Gillards-Bloody-DaggerThe way people act on the outside and who they really are on the inside may be two totally different things.  Some may change because they feel they don’t fit in, while others pretend to be something they truly aren’t.  Regardless of this, no matter which way you look at it, if you try to act like someone your not, the truth will always appear in the end. This the case in Macbeth.

“There’s daggers in men’s smiles”

– Prince Donalbain to his brother Malcolm (II.iii.136)

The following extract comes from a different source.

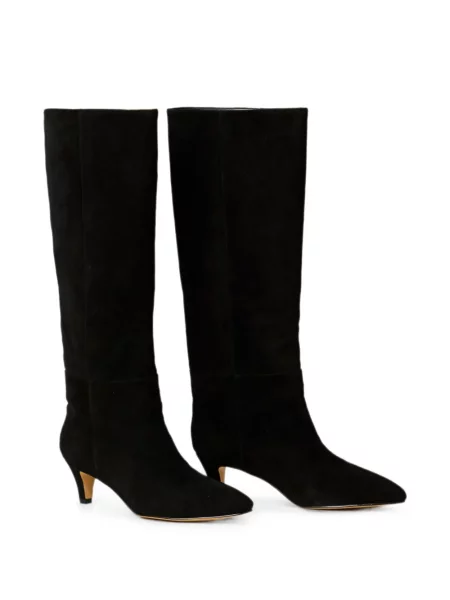 Cizme Twinset din piele de căprioară negru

In this line, the princes are concerned that those surrounding them aren’t what they seem. They believe that instead of being worried about their well-being, men are trying to harm them. An example of this falseness can be seen in Macbeth’s line following the royal court’s acknowledgement of King Duncan’s death.

“Who could refrain,

That had a heart to love, and in that heart

Courage to make’s love known”

Macbeth (II.iii.112)

Macbeth wants to make it seem as if he was very loyal to Duncan when Macduff asks him why he killed the guards. He wants to depict himself as a man of love and courage so that they will not suspect that he killed Duncan. Underneath all the of Macbeth’s acting as the king’s loyal subject, Macbeth is his worst enemy that killed him in his sleep.

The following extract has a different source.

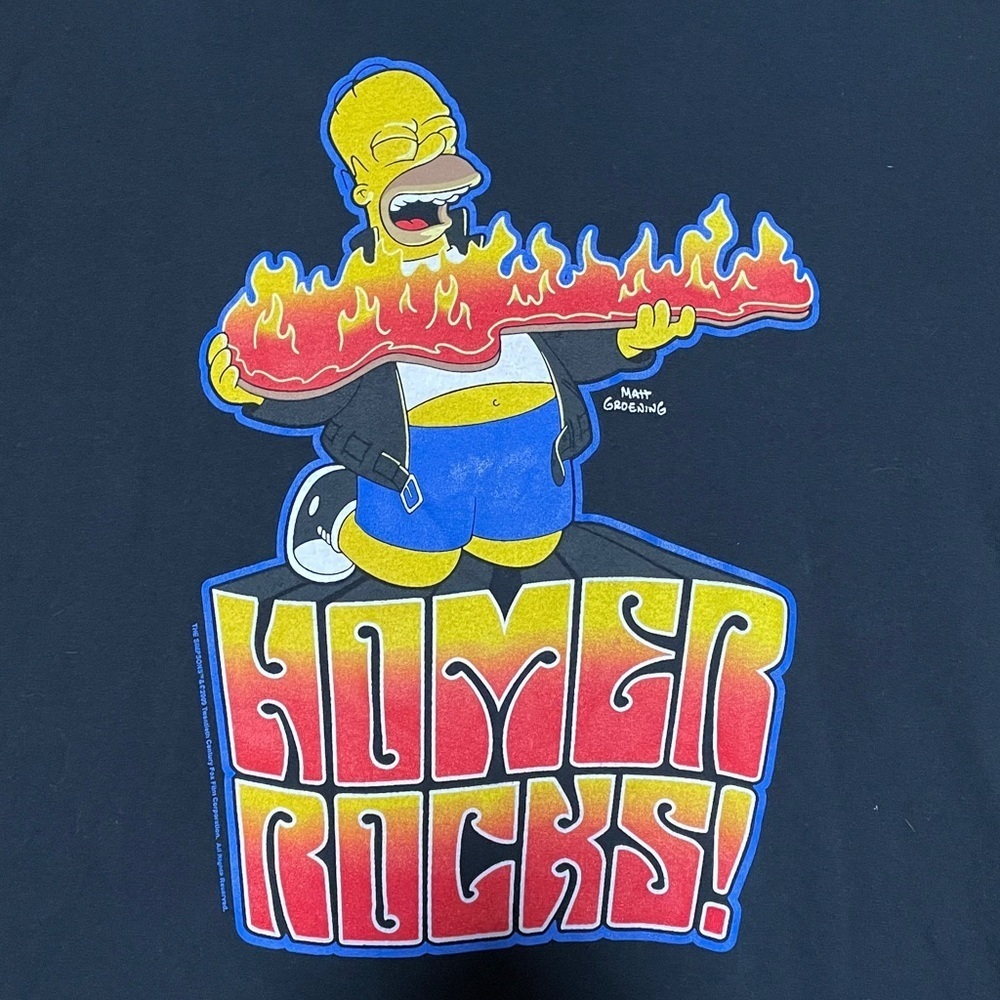 The Simpsons Homer Rocks Shirt - Picture 2 of 7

This motif of appearance vs. reality appears again in the play when Macbeth goes to kill Duncan.

“Is this a dagger which I see before me,

This handle toward my hand? Come, let me clutch thee.

I have thee not, and yet I see thee still.

Art thou not, fatal vision, sensible

To feeling as to sight? Or art thou but

A dagger of the mind. a false creation,

Proceeding from the heat-oppressed brain?

I see thee yet, in a form as palpable

As this which now I draw”

– Macbeth  (II.i.33-41)

This parts of the soliloquy show how Macbeth is so obsessed by thoughts of the murder that he starts to hallucinate. He reaches for his imaginary dagger but of course he can’t grasp it; it is a “false creation.” Like that he realizes that he is seeing the dagger that he plans to use to kill Duncan. This is the dagger that leads him toward King Duncan’s door and the dagger upon which appear thick drops of blood. The drops of blood foreshadow Duncan’s death. Macbeth hallucinates with a knife showing his true inner feelings and thoughts regarding murdering Duncan, instead of the brave and loyal appearance he puts on.

“A little water clears us of this deed”

– Macbeth (II.ii.65)

Lady Macbeth says this once her husband returns distraught after murdering King Duncan. Appearance-wise, little water would clean the blood out of Macbeth’s hands and absolve them from their crime, however, in reality, no matter how much they clean their hands, they will always (metaphorically) have blood in their hands and be haunted by this crime.